The next example of a nuclear power plant being restarted is underway in Michigan, Buongiorno said, where the federal government has pledged a $1.5 billion loan to restart the Palisades nuclear power plant, which is scheduled to shut down in 2022.

The business model of the agreement between Constellation and Microsoft makes sense for both sides, Buongiorno said. It is also cheaper to restart a nuclear power plant than to build one from scratch, he said. Transmission lines, cooling towers, control buildings and concrete shells are already intact, he said.

Constellation's announcement comes after a wave of coal and nuclear power plant closures over the past decade as competition from cheap natural gas flooded electricity markets.

This has led to warnings that the US is facing a power crisis.
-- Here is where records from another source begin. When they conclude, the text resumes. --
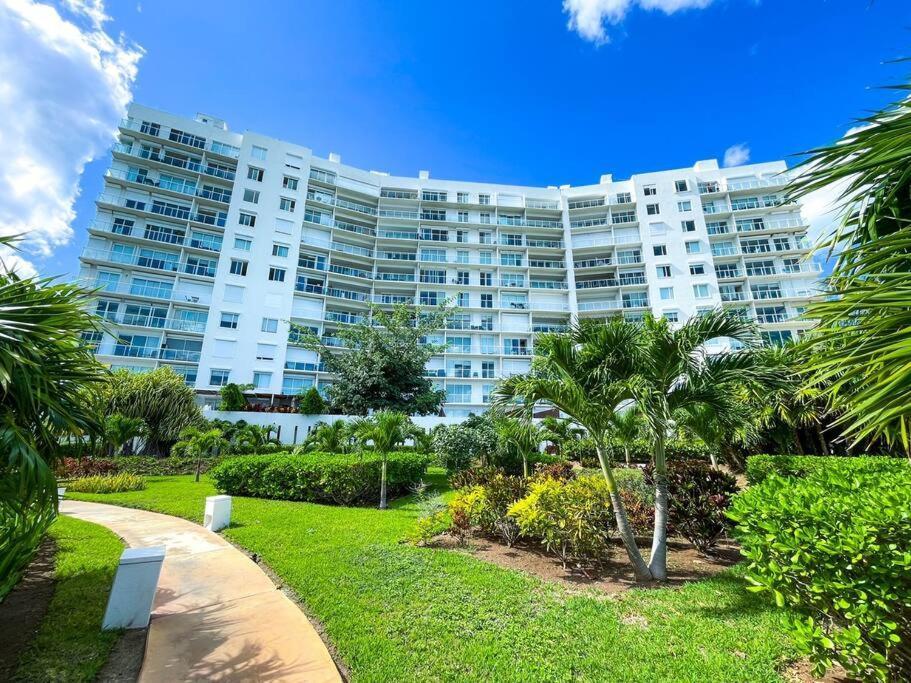 Punta Me Luxury Apartments Ocean View & Beach Front In Amara Cancún Exteriör bild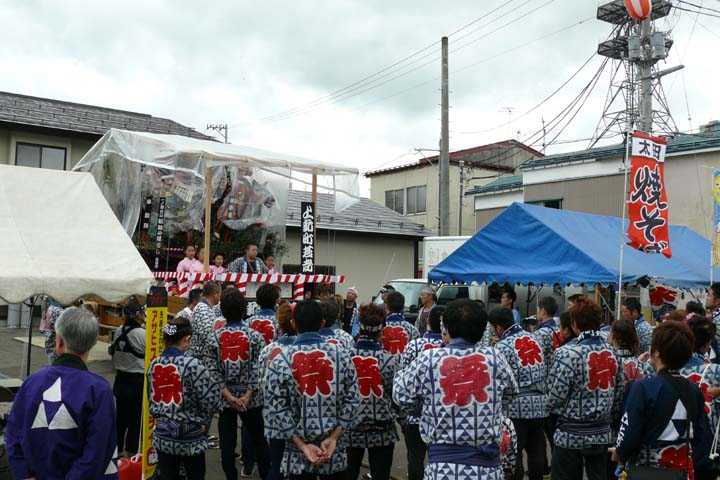 ��V�����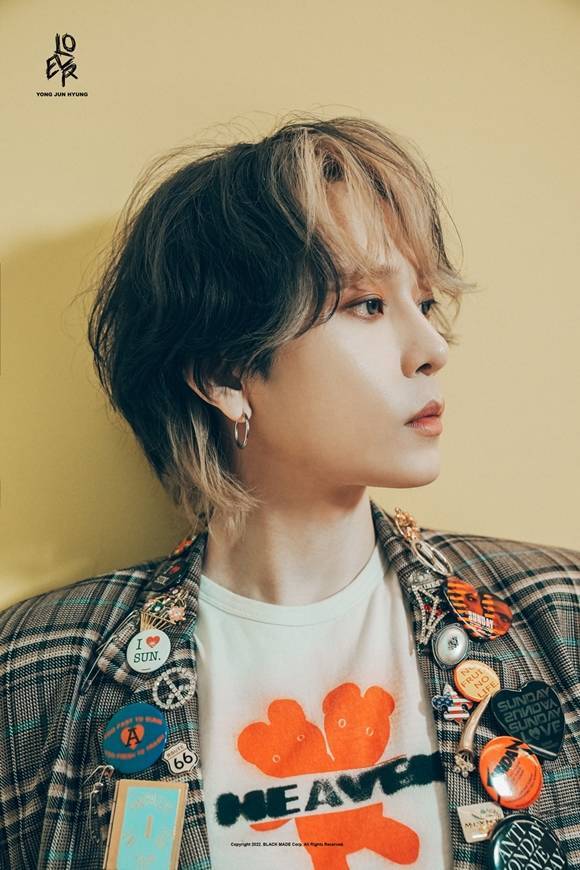 가수 용준형이 'LONER' 발매 기념 온라인 기자간담회에서 '정준영 단톡방' 사건을 언급하며 다시 한번 사과했다. /블랙메이드 제공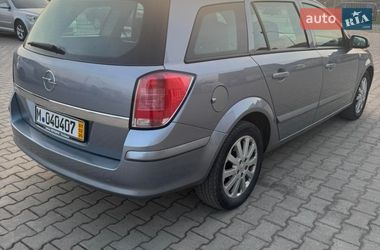 Универсал Opel Astra 2007 в Хусте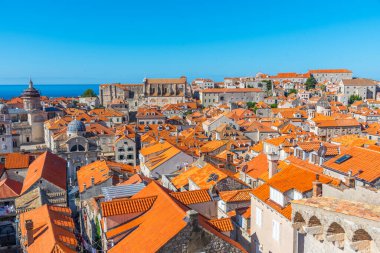 Hırvatistan 'ın eski Dubrovnik kentinin kırmızı çatılarının havadan manzarası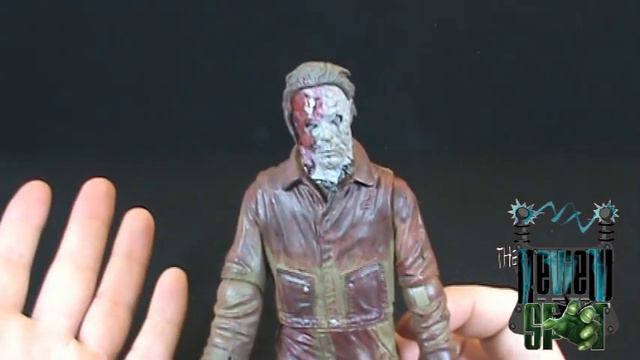 Mezco Rob Zombies Halloween 2 Michael Myers Figure #SpookySpot 2010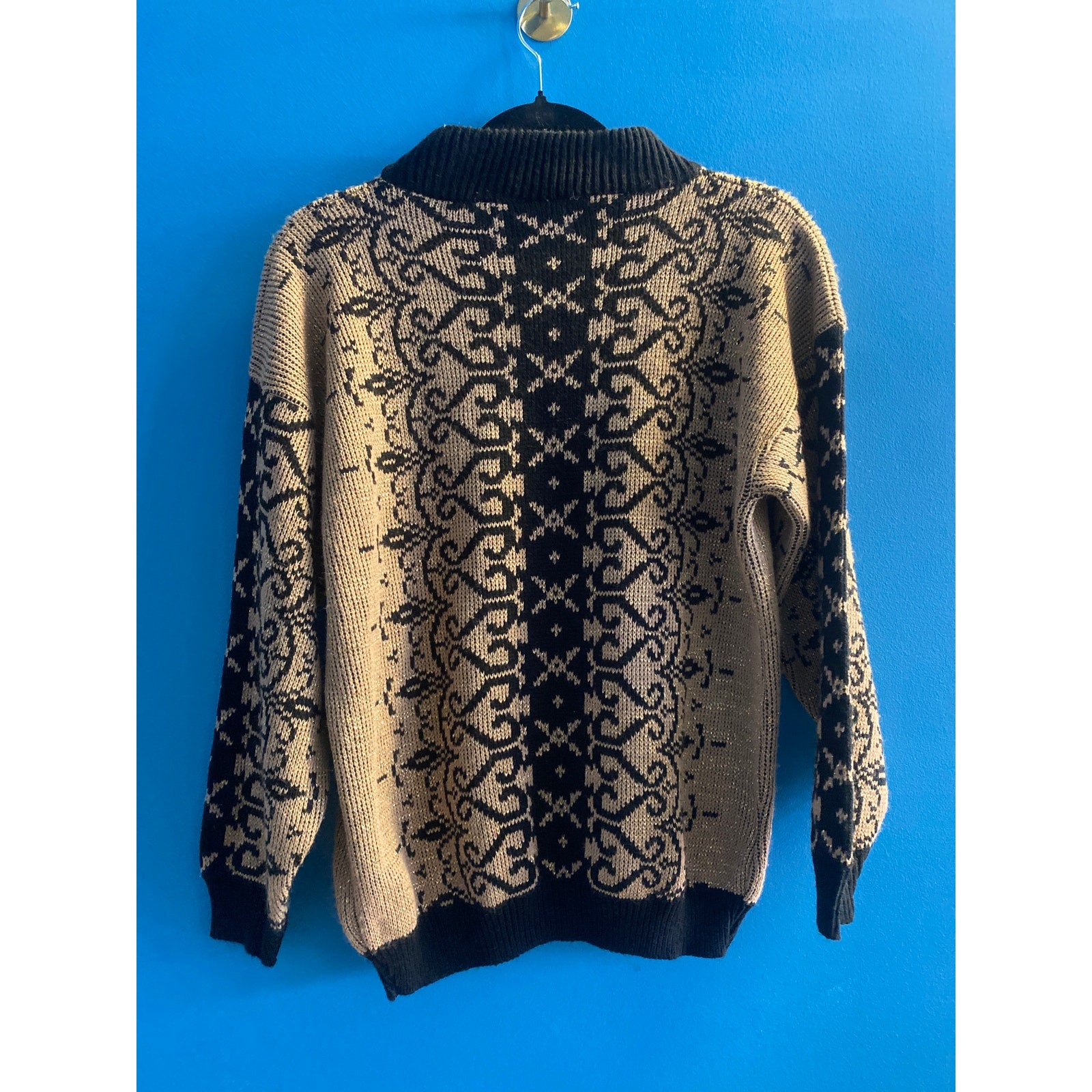 Vintage Arielle Metallic  Beige Black Sweater Icelandic Knit Pattern Small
At the same time, demand from data centres operated by tech giants such as Meta, Amazon, Microsoft and Google to provide cloud computing and digital services such as artificial intelligence systems is growing rapidly.

In the US, the growth in electricity demand is concentrated in states – especially Virginia and Texas – where there is rapid development of large data centers, the US Energy Information Administration said.

Data centers currently account for about 4% of U.S. electricity consumption, and some forecasts predict that share will double by 2030.

The agreement between Constellation and Microsoft comes amid efforts by the Biden administration, states and utilities to rethink the use of nuclear energy to mitigate the effects of climate change and limit the energy sector's climate-damaging greenhouse gas emissions.

Last year, Georgia Power began generating electricity from America's first nuclear reactor in decades, built from scratch after the Three Mile Island accident killed interest in building new reactors.

Before its shutdown in 2019, Three Mile Island's Unit 1 had a generating capacity of 837 megawatts, enough to power more than 800,000 homes, Constellation said.

The destroyed Unit 2 is sealed and its two cooling towers are still standing. The core was shipped to the U.S. Department of Energy's Idaho National Laboratory years ago. What remains inside the containment vessel remains highly radioactive and encased in concrete.